What he did do was coach a college football team, and turn his back on a situation that involved several young - pre-adolescent - men being sexually groped, molested, abused, and harassed.
I don't much give a damn how well he could induce jocks to throw a ball around. That doesn't solve any problems or add anything of value to the world, save the artificial value attached by sports fans to their teams and the victories of those teams.
Yeah, I know. Sports teams fund colleges. I happen to think that's kind of sick, myself, that our institutions of higher learning are held hostage by the least intellectual pursuits possible. But I get it. Sports = money. Fine.
But that's no excuse to beatify a guy whose greatest legacy is enabling a sexual predator of children to hunt.
Am I vaguely sorry that the guy's dead, for the sake of his family? Sure, I'm not inhuman or unreasonable nor am I a lynch mob.
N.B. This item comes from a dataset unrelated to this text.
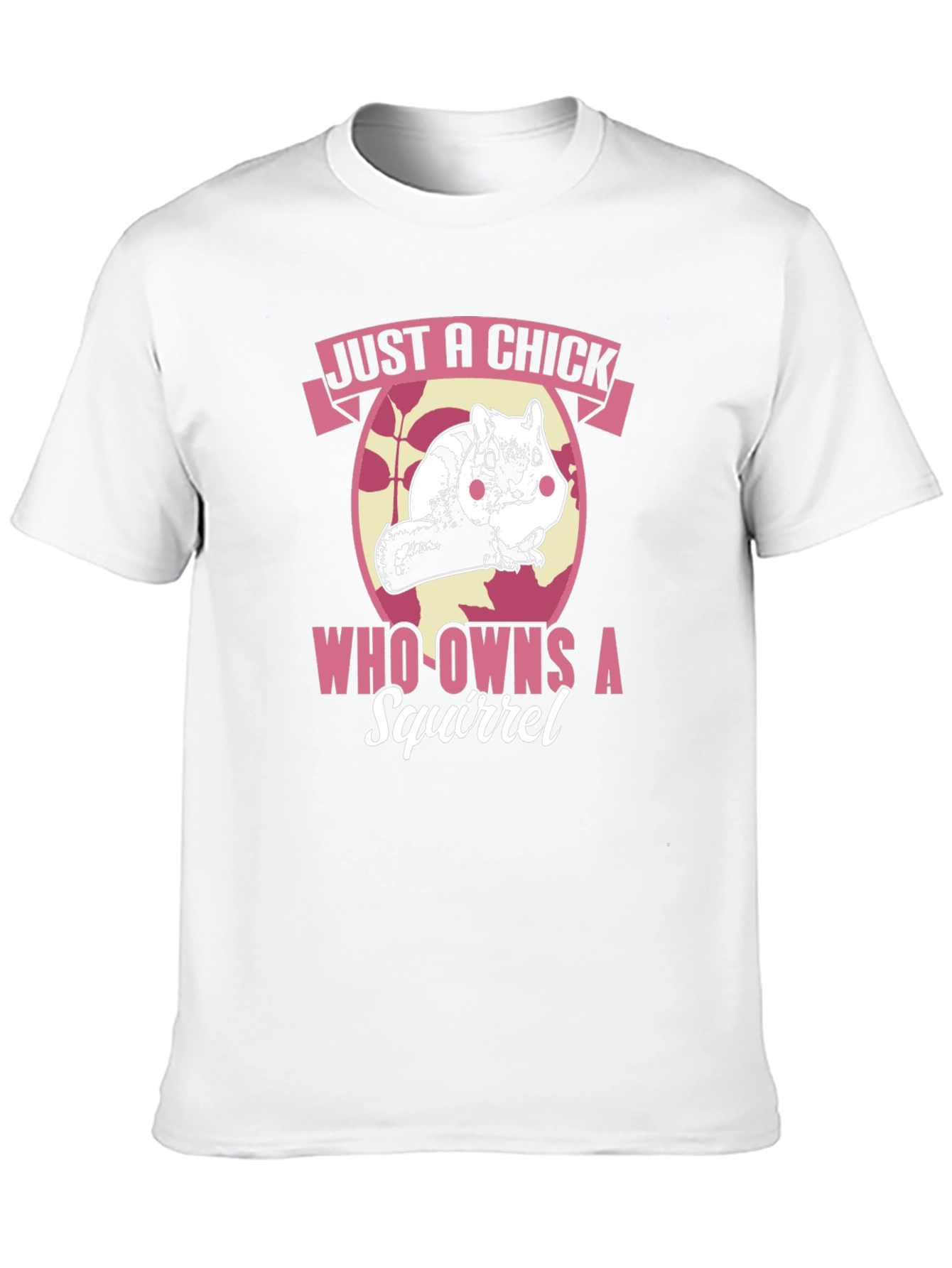 Black Just A Chick Who Owns A Squirrel T-Shirt - Novelty Graphic Tee view 10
But all things considered...yeah. I hope people understand that while YOU might be seeing some tearful and profound quote from a "great man," I see the disturbing, selfish, and inexplicable whitewashing of the reputation of an accomplice to child rape.
I just thought you, my friends who have been pushing all the pretty "RIP" messages and graphics the last couple of days, should know that.
(I'm tempted to push a bunch of "tribute" graphics with Jerry Lee Lewis talking about how awesome it was to marry his 13 year old cousin, or R. Kelly extolling the virtues of pissing on high school girls, just to drive the point home, but I won't. )
I'm just asking folks to question their priorities. As yourselves what amount of money or publicity Paterno could possibly have brought to Penn State that was worth sacrificing the innocence of an unknown number of pre-teen boys. How many Rose Bowls or Orange Bowls would PS have had to win, to make the molestation of those boys worthwhile? Clearly there are some people who think such a number exists; I just wonder what that number is.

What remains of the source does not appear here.